Furthermore, the leader of the Farmers’ and Green Party expressed his apprehension that introduced partnerships for different-sex couples would encourage same-sex couples to seek recognition of their relationships before the European Court of Human Rights. “In our opinion, this is done in order to create legal consequences that would force us to take decisions on same-sex families”, claimed Mr. Karbauskis.
Interestingly though, Ramūnas Karbaukis and Saulius Skvernelis, who played an important role in the Farmers and Green Party’s electoral victory, were of different opinions regarding introduction of same-sex partnerships in Lithuania. “The State cannot intervene with personal relationships of its citizens. However, there are some legal issues not solved today, so I think we need to legally regulate partnerships,” claimed Mr. Skvernelis.
Mr. Karbauskis likewise expressed his disapproval of newly passed assisted insemination law. “The Parliament did not focus on the problem, because existing naprotechnologies are successfully used in Europe. In fact, it achieves a higher percentage of fertility without the use of hormones, transplants and so on. The cost of embryo implantation surgery is five times higher than technologies used in Poland and many other countries. For us, the question is what will happen to the frozen embryos that are not used?” insisted the politician.
The Homeland Union – Lithuanian Christian Democrats’ party, the top competitors of the Farmers’ and Green’s Party and possible coalition partners, are likewise torn by disagreements on same-sex partnerships. Since Gabrielius Landsbergis, the Chairman of the Homeland Union party, had spoken about his support for same-sex partnerships in September, Irena Degutienė, the party’s Vice-Chairperson, felt the need to address the divisions within the party on the issue during the party‘s Council meeting.

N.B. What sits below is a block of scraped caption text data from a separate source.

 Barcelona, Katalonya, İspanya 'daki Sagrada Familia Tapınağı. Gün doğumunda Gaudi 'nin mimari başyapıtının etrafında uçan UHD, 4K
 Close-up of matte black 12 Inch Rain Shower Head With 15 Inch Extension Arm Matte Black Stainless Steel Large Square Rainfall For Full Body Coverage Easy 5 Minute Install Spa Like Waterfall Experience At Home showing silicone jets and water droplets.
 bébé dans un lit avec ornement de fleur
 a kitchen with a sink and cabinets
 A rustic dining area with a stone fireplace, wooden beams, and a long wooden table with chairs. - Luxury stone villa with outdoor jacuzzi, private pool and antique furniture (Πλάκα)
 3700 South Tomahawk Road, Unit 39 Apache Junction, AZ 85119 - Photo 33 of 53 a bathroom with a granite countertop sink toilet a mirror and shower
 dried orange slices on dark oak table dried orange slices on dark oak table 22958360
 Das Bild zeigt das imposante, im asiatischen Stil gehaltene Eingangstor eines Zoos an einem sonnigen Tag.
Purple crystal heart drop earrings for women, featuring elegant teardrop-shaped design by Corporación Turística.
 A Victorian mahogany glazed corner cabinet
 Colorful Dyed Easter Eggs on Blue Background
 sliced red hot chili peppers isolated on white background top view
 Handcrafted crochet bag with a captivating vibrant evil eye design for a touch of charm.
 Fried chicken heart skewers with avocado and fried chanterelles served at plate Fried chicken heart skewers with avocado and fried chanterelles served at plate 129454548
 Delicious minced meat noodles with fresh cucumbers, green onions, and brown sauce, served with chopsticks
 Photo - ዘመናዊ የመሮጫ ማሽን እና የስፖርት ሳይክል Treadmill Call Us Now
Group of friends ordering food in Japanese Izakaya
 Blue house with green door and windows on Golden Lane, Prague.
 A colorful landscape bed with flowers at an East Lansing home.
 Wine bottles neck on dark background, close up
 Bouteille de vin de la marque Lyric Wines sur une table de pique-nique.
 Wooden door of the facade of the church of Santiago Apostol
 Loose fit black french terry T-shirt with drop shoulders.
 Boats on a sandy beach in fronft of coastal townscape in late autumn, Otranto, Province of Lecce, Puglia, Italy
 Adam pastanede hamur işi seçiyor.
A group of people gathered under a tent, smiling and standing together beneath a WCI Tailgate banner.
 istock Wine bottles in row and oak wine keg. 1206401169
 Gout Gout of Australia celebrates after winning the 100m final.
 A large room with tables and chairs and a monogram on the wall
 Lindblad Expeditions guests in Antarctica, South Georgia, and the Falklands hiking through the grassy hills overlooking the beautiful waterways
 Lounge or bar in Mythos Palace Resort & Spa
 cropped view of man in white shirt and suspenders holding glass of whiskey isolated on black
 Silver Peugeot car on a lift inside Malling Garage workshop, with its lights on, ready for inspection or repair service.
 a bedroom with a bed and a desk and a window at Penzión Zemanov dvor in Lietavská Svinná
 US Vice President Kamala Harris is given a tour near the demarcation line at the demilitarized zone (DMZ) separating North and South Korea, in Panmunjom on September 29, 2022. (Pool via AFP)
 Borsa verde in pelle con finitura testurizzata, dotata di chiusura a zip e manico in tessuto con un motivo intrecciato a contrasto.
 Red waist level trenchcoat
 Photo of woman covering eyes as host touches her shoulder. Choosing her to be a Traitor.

“I am pleased that our party is democratic, there is an opportunity to speak freely and express one’s position without fear that someone will condemn you. However, the party program was always oriented towards family values, towards the idea of family, and despite failing to change the Constitution regarding the definition of family, I am hopeful that stronger forces will emerge in the newly elected Parliament and we will be able to amend it,” commented Ms. Degutienė.
The Farmers’ and Green’s Party has promised to increase economic growth and salaries to stop the emigration of many Lithuanians, a theme that formed the heart of the electoral campaign debate. The Farmers’ and Green’s Party also aims at modifying the Labour Code which was adopted just a few months ago, to reduce the number of ministries and to create a State monopoly regarding the distribution of alcohol.